Les observateurs, majoritairement étrangers, qui suivaient les élections du président Jean-Bertrand Aristide, organisées sous Mme Ertha Pascal-Trouillot, première femme présidente de l’histoire d’Haïti, en décembre 1993, ne tarissent d’éloges à son administration, déclarant qu’elles étaient les « premières élections libres et démocratiques de l’histoire d’Haïti ». De tels propos ont, par la suite, disparu du vocabulaire électoral haïtien, car cette bonne habitude a vécu dans le monde politique de notre pays, le mauvais génie ayant infecté la société haïtienne. L’influence étrangère envahissant nos mœurs, sans aucune retenue, notre société s’est trouvée infectée à tous les niveaux. Ce n’est donc pas pour rien, de nos jours, qu’il est impossible de trouver des patriotes intègres au service de la République.
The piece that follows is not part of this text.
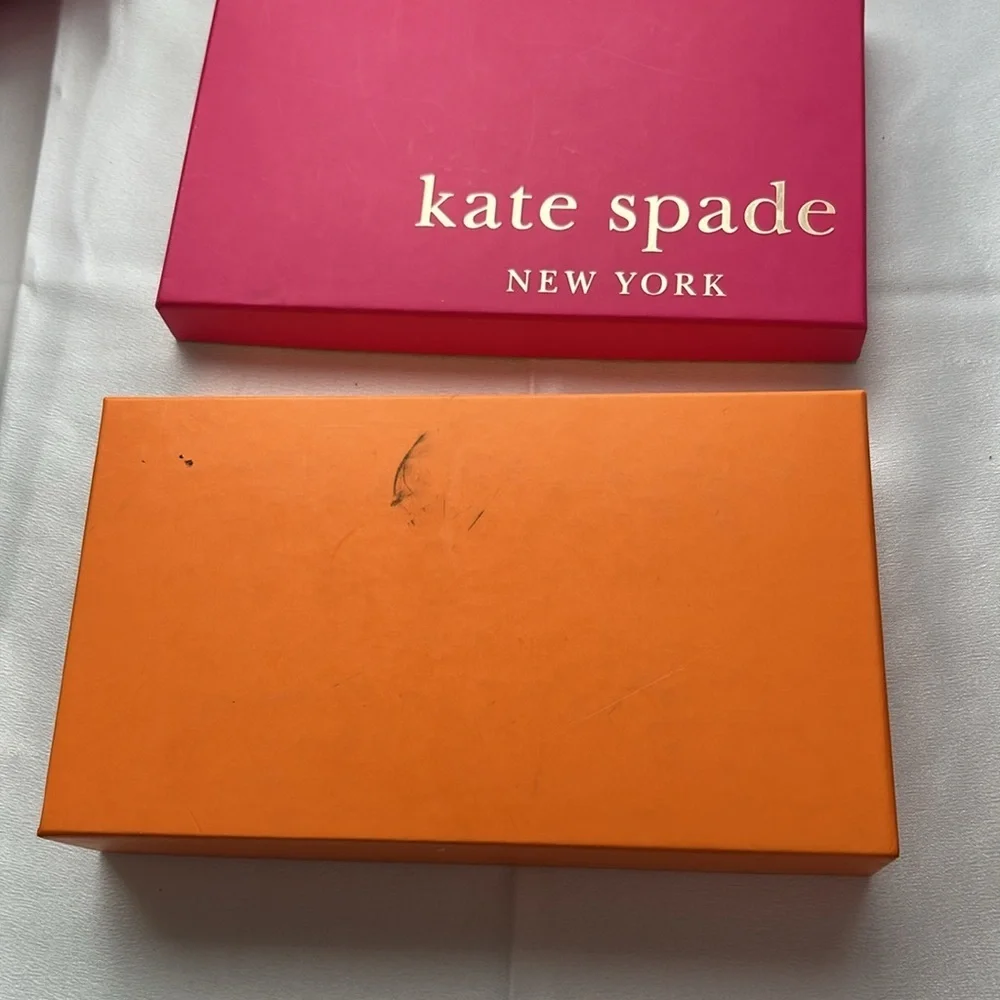 Kate spade empty box pink and orange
Depuis la chute de la dynastie des Duvalier, les élections sont l’occasion d’exposer les crimes politiques se donnant libre cours dans le système politique, avec l’impunité enracinée dans la mauvaise gouvernance, les transgresseurs courent encore sans désemparer. Voilà pourquoi ces dérives ne cessent de se reproduire, même en série, les acteurs n’ayant rien à craindre. La création du Conseil présidentiel de transition (CPT) met en évidence les violations dont se permettent les candidats qui prennent des décisions leur permettant de violer des accords qu’ils ont signés eux-mêmes.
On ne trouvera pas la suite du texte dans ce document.